*Exercise description:*
The data should be printed in full, character for character.

━━ Material provided ━━

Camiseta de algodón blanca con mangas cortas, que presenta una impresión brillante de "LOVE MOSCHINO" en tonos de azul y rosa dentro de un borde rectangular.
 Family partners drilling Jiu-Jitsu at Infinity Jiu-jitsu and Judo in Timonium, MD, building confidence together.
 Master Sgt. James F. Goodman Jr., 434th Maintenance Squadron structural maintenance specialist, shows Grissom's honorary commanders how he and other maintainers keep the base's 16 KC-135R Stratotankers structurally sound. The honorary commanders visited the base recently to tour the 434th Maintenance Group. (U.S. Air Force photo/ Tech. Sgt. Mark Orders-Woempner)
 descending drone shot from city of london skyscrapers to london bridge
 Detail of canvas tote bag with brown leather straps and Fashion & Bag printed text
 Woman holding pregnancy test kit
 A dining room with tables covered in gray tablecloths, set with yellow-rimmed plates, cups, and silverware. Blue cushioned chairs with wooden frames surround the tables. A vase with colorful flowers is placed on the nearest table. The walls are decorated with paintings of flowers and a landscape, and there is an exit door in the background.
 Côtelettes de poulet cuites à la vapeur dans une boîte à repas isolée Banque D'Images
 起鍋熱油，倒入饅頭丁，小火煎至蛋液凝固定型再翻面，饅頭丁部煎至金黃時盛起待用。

━━━

*Exercise answer:*
Camiseta de algodón blanca con mangas cortas, que presenta una impresión brillante de "LOVE MOSCHINO" en tonos de azul y rosa dentro de un borde rectangular.
 Family partners drilling Jiu-Jitsu at Infinity Jiu-jitsu and Judo in Timonium, MD, building confidence together.
 Master Sgt. James F. Goodman Jr., 434th Maintenance Squadron structural maintenance specialist, shows Grissom's honorary commanders how he and other maintainers keep the base's 16 KC-135R Stratotankers structurally sound. The honorary commanders visited the base recently to tour the 434th Maintenance Group. (U.S. Air Force photo/ Tech. Sgt. Mark Orders-Woempner)
 descending drone shot from city of london skyscrapers to london bridge
 Detail of canvas tote bag with brown leather straps and Fashion & Bag printed text
 Woman holding pregnancy test kit
 A dining room with tables covered in gray tablecloths, set with yellow-rimmed plates, cups, and silverware. Blue cushioned chairs with wooden frames surround the tables. A vase with colorful flowers is placed on the nearest table. The walls are decorated with paintings of flowers and a landscape, and there is an exit door in the background.
 Côtelettes de poulet cuites à la vapeur dans une boîte à repas isolée Banque D'Images
 起鍋熱油，倒入饅頭丁，小火煎至蛋液凝固定型再翻面，饅頭丁部煎至金黃時盛起待用。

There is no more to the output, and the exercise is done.